Start of Material supplied
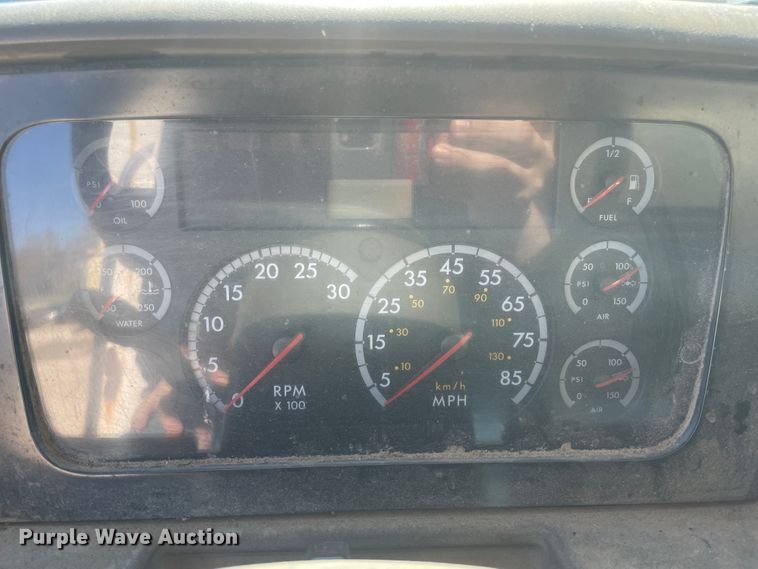 image for item IR9757 2007 Sterling Acterra  refuse truck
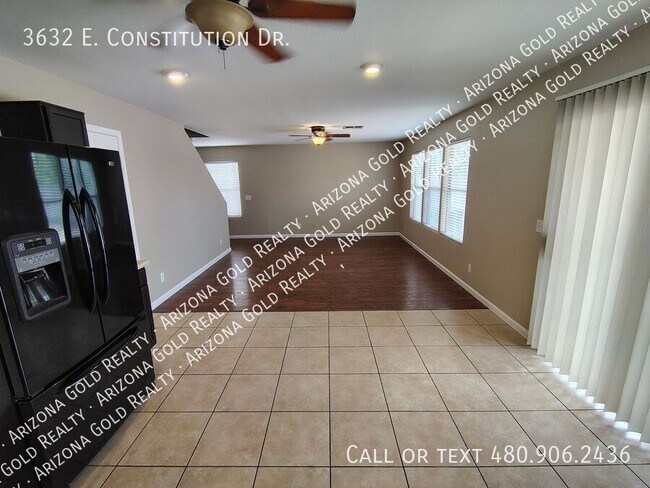 Building Photo - 3632 E Constitution Dr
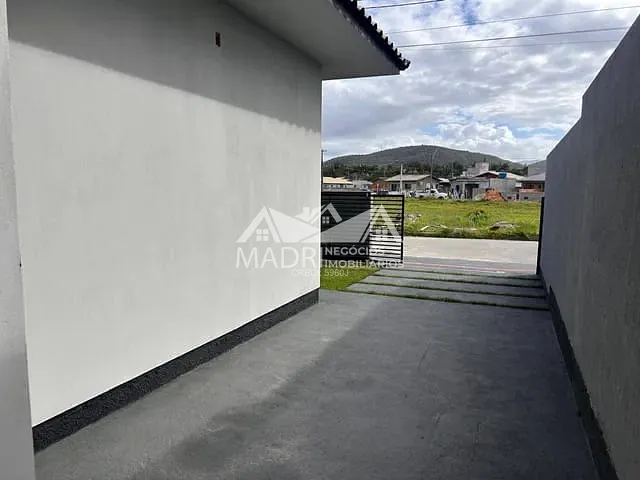 Casa 2 quartos e 1 banheiro, à venda, no bairro Guarda do Cubatão em Palhoça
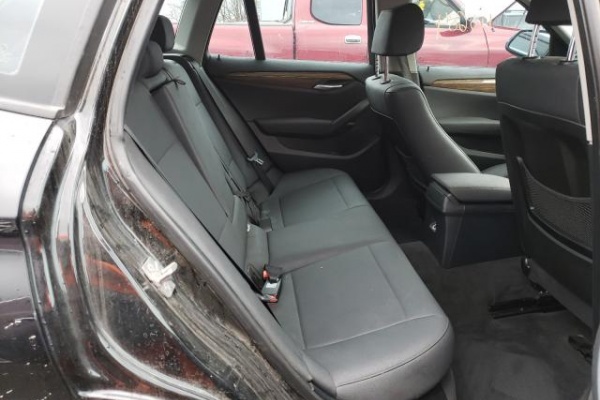 фото BMW X1 SDRIVE28I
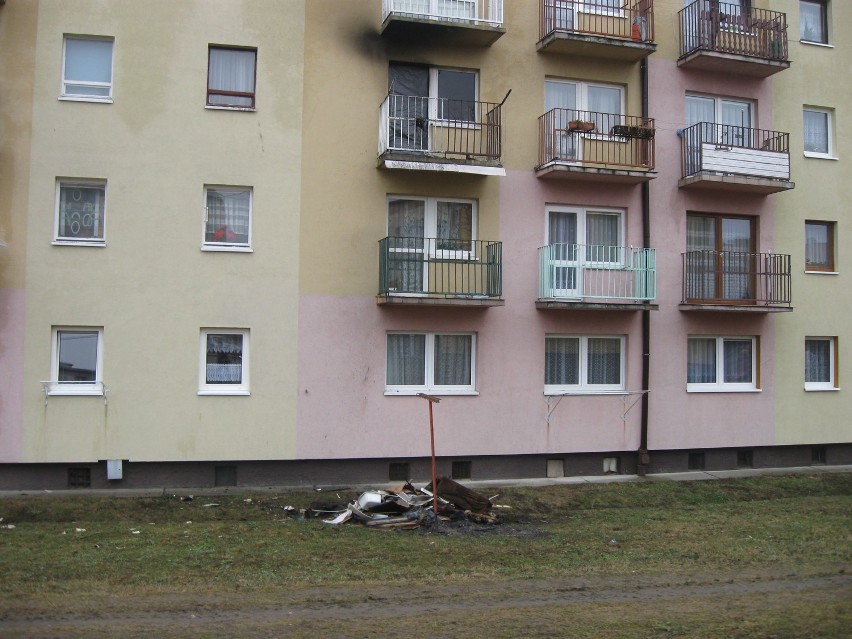 Pożar w mieszkaniu komunlanym w Kłobucku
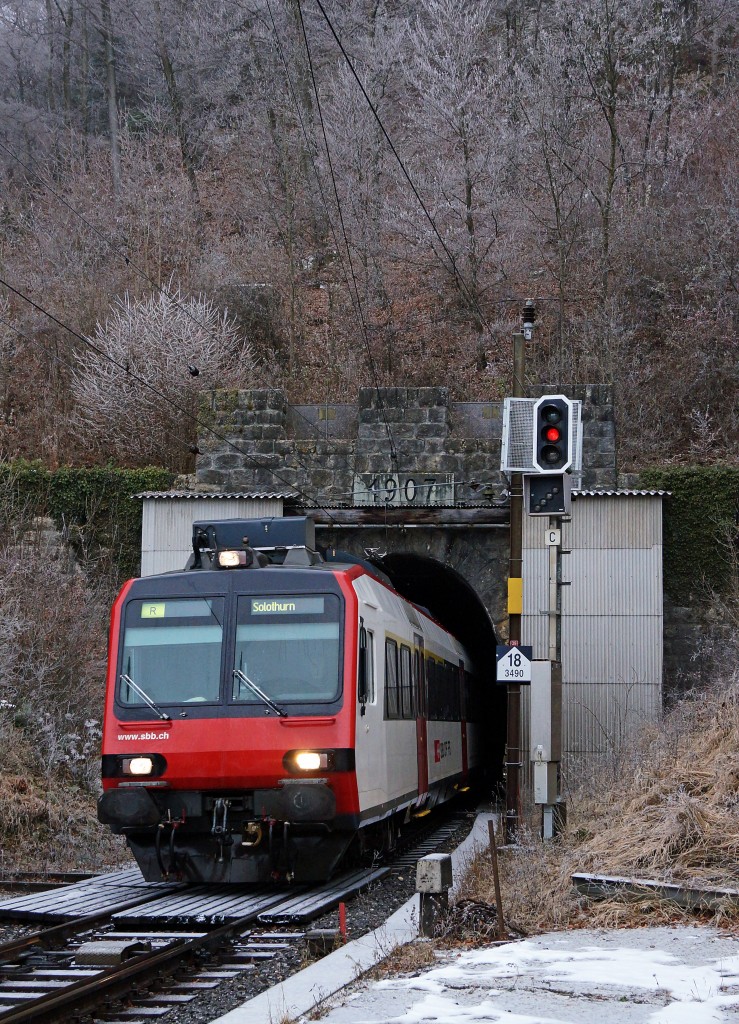 SBB/BLS: Seit dem Fahrplanwechsel 2010 bis zum 14. Dezember 2013 wurden die SBB-Dominos auf der Strecke Solothurn-Moutier-Sonceboz-Sombeval eingesetzt. Ab dem 15. Dezember 2013 ist dies bereits Geschichte, da sie durch die BLS /ex RM) GTW'S abgelöst werden. Einer der Dominos wurde noch am letzten Einsatztag beim Verlassen des Weissensteintunnels in Oberdorf im Bilde festgehalten.
Foto: Walter Ruetsch 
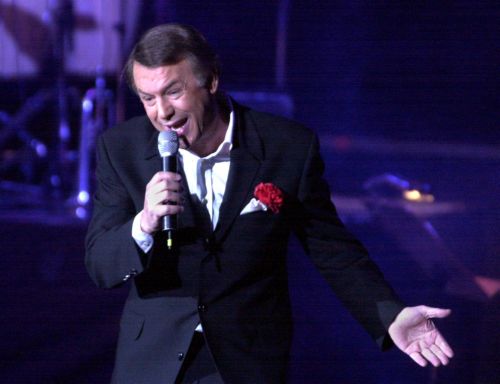 Διπλή η εμφάνιση του Adamo στο Μέγαρο Μουσικής, λόγω υψηλής ζήτησης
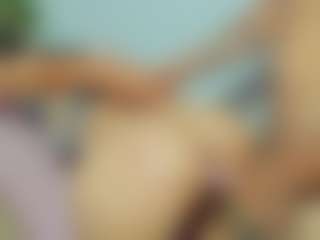 ChloeOhiggins's Live Sex Cam Show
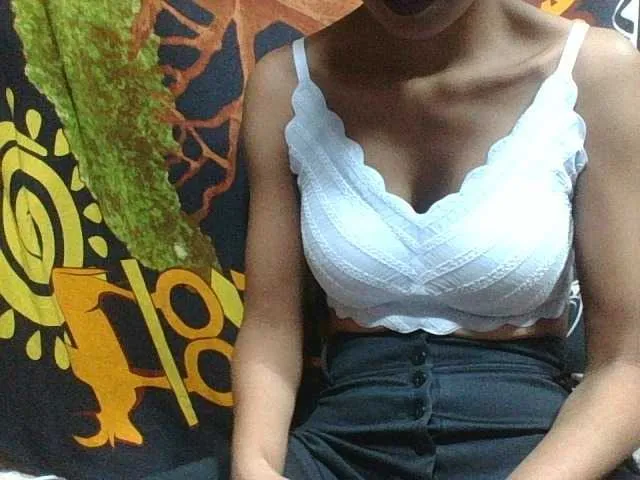 Live sex webcam photo for Rosiah2 #290034967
End of Material supplied
» What the task requires
The expected output is exactly the lines from the one containing "фото BMW X1 SDRIVE28I" through the last line of the listing, both included, with every picture left out.

» Written solution
 фото BMW X1 SDRIVE28I
 Pożar w mieszkaniu komunlanym w Kłobucku
 SBB/BLS: Seit dem Fahrplanwechsel 2010 bis zum 14. Dezember 2013 wurden die SBB-Dominos auf der Strecke Solothurn-Moutier-Sonceboz-Sombeval eingesetzt. Ab dem 15. Dezember 2013 ist dies bereits Geschichte, da sie durch die BLS /ex RM) GTW'S abgelöst werden. Einer der Dominos wurde noch am letzten Einsatztag beim Verlassen des Weissensteintunnels in Oberdorf im Bilde festgehalten.
Foto: Walter Ruetsch 
 Διπλή η εμφάνιση του Adamo στο Μέγαρο Μουσικής, λόγω υψηλής ζήτησης
 ChloeOhiggins's Live Sex Cam Show
 Live sex webcam photo for Rosiah2 #290034967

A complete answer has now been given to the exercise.